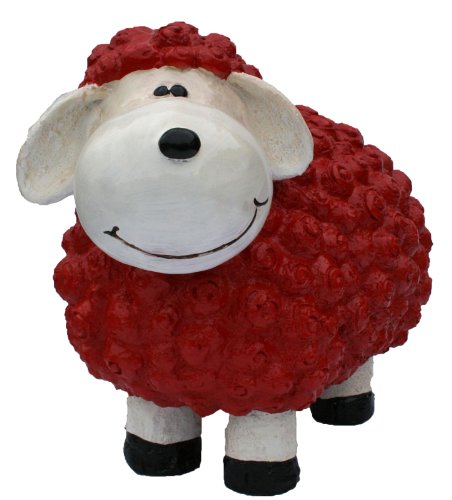 Colourliving Dekofigur Schaf Bruno rot Bunte Dekoration Nicht nur für den Garten von Colourliving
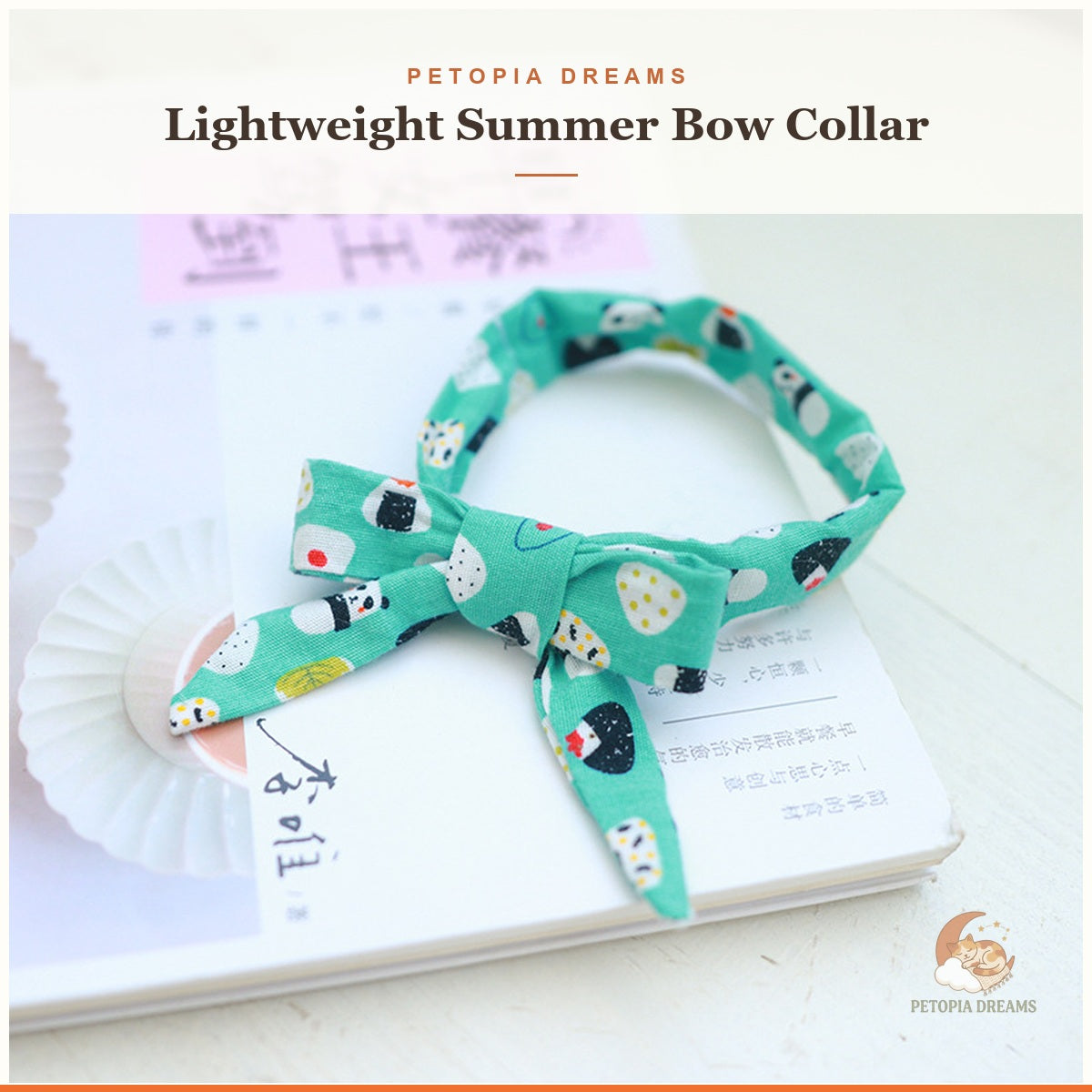 Petopia template – Rice ball summer bow collar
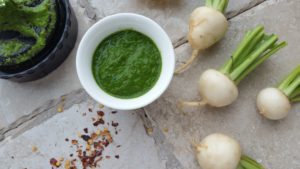 Lime-Roasted Hakurei Turnips with Chimichurri and Smoked Salt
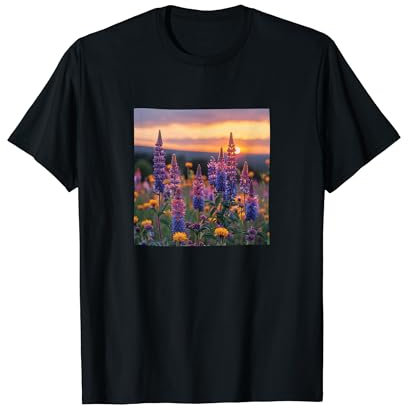 Anise Hyssop Flower Field Beautiful Sunset Graphic T-Shirt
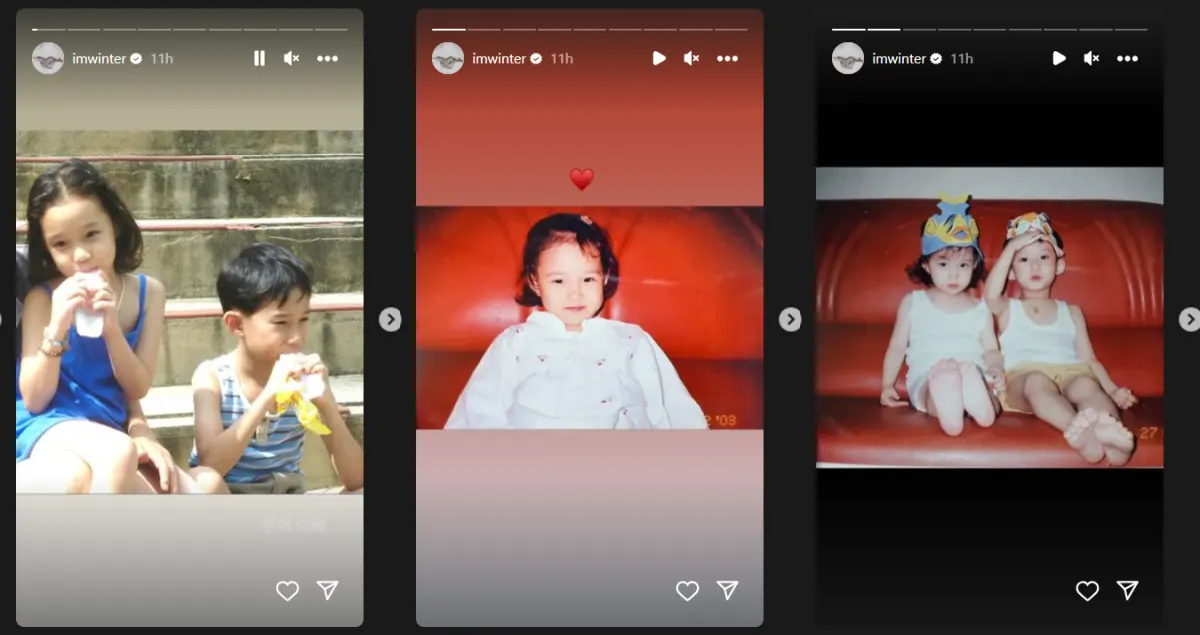 Winter aespa membagikan potret masa kecil dengan sang kakak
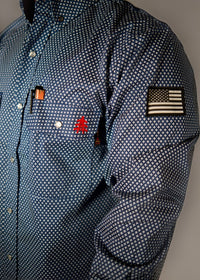 FR Pearl Snap Work Shirt - Honor Navy Static FR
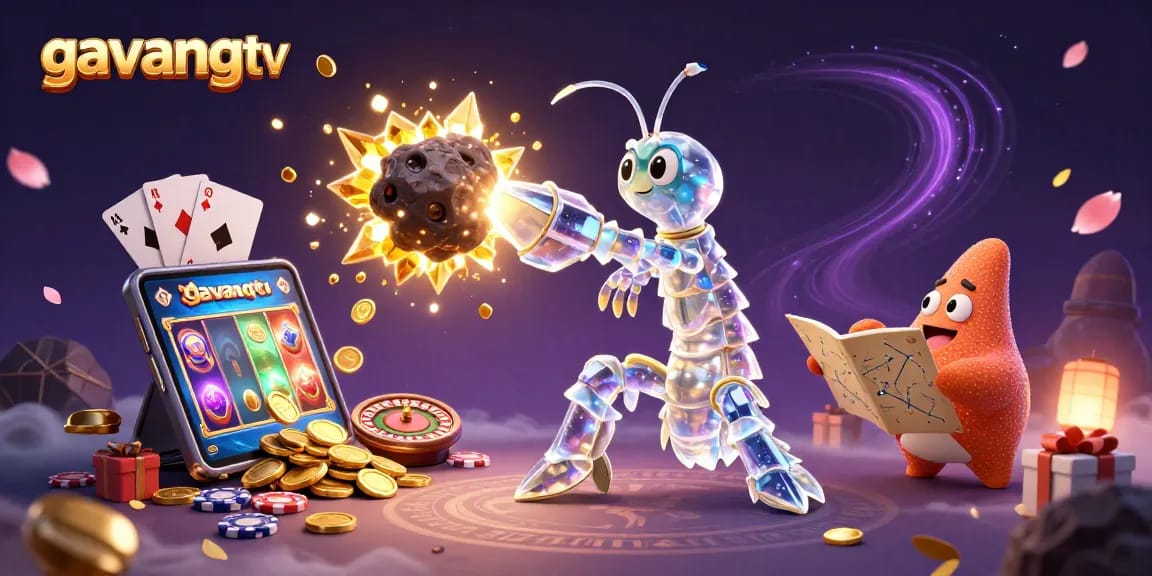 Gavangtv showcases vibrant casino action with galactic characters, golden coins, and high-stakes gaming elements.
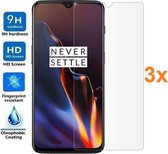 3 Stuks Screenprotector Tempered Glass Glazen Gehard Screen Protector 2.5D 9H (0.3mm) - Geschikt Voor: Oneplus 6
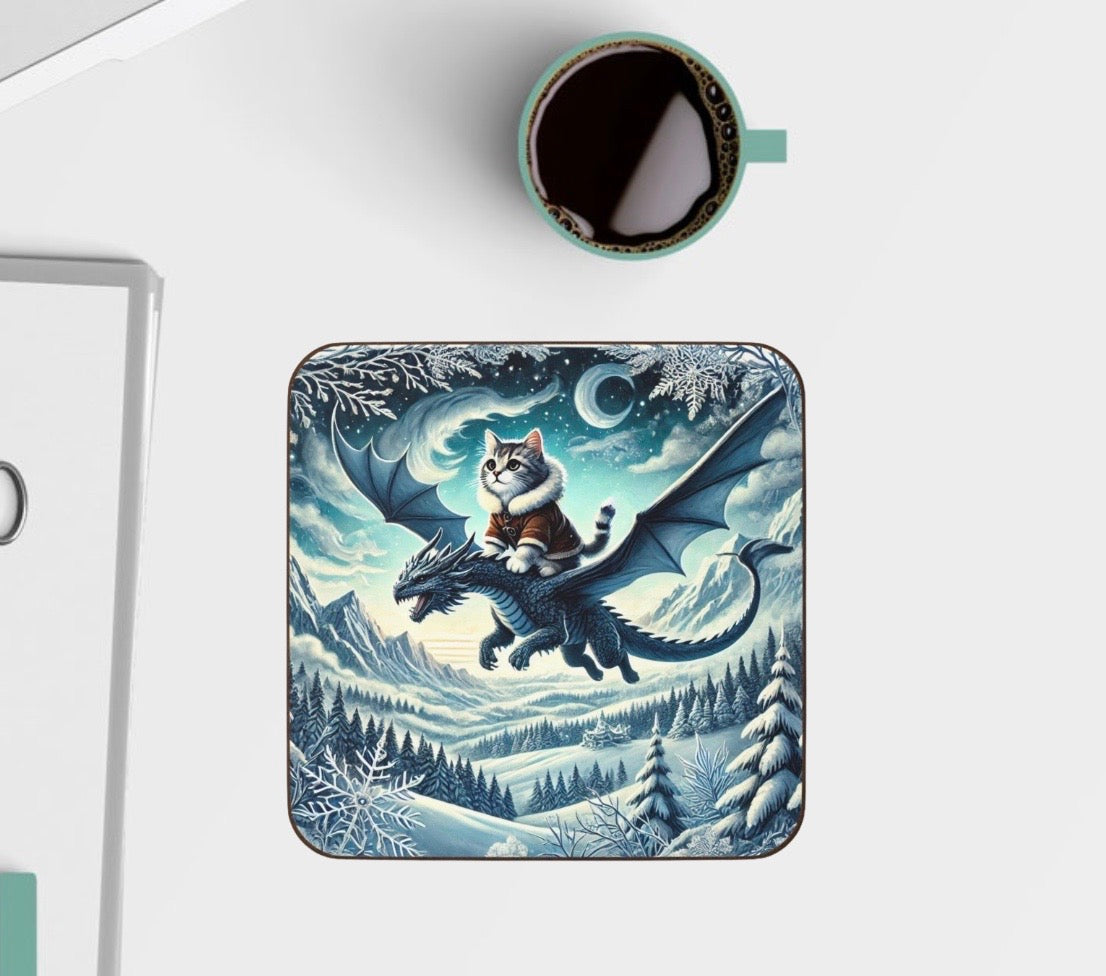 Winter Dragon Flight - Cat lover - Hardboard Back Coaster   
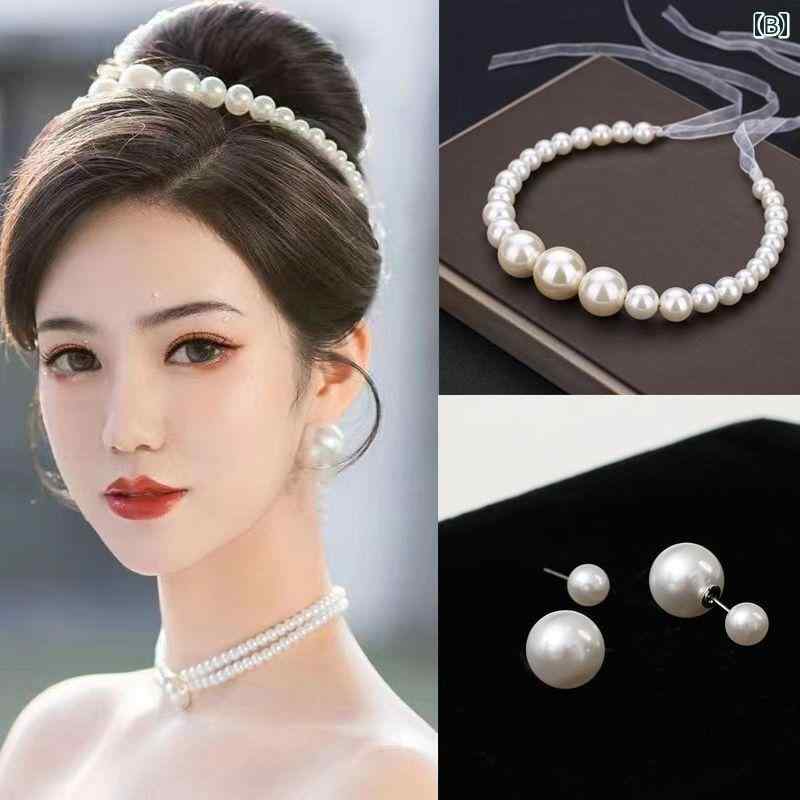 ヘアアクセサリー レディース ブライダル 結婚式 ウェディング ヘッドドレス カチューシャ 大粒パール パール ビーズ レトロ クラシック 調 サテン エレガント フォーマル 小物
-- -- --
◆ Task description: Each entry above has to be set down again verbatim, except for its pictures.

◆ Answer for this exercise:
 Colourliving Dekofigur Schaf Bruno rot Bunte Dekoration Nicht nur für den Garten von Colourliving
 Petopia template – Rice ball summer bow collar
 Lime-Roasted Hakurei Turnips with Chimichurri and Smoked Salt
 Anise Hyssop Flower Field Beautiful Sunset Graphic T-Shirt
 Winter aespa membagikan potret masa kecil dengan sang kakak
 FR Pearl Snap Work Shirt - Honor Navy Static FR
 Gavangtv showcases vibrant casino action with galactic characters, golden coins, and high-stakes gaming elements.
 3 Stuks Screenprotector Tempered Glass Glazen Gehard Screen Protector 2.5D 9H (0.3mm) - Geschikt Voor: Oneplus 6
 Winter Dragon Flight - Cat lover - Hardboard Back Coaster   
 ヘアアクセサリー レディース ブライダル 結婚式 ウェディング ヘッドドレス カチューシャ 大粒パール パール ビーズ レトロ クラシック 調 サテン エレガント フォーマル 小物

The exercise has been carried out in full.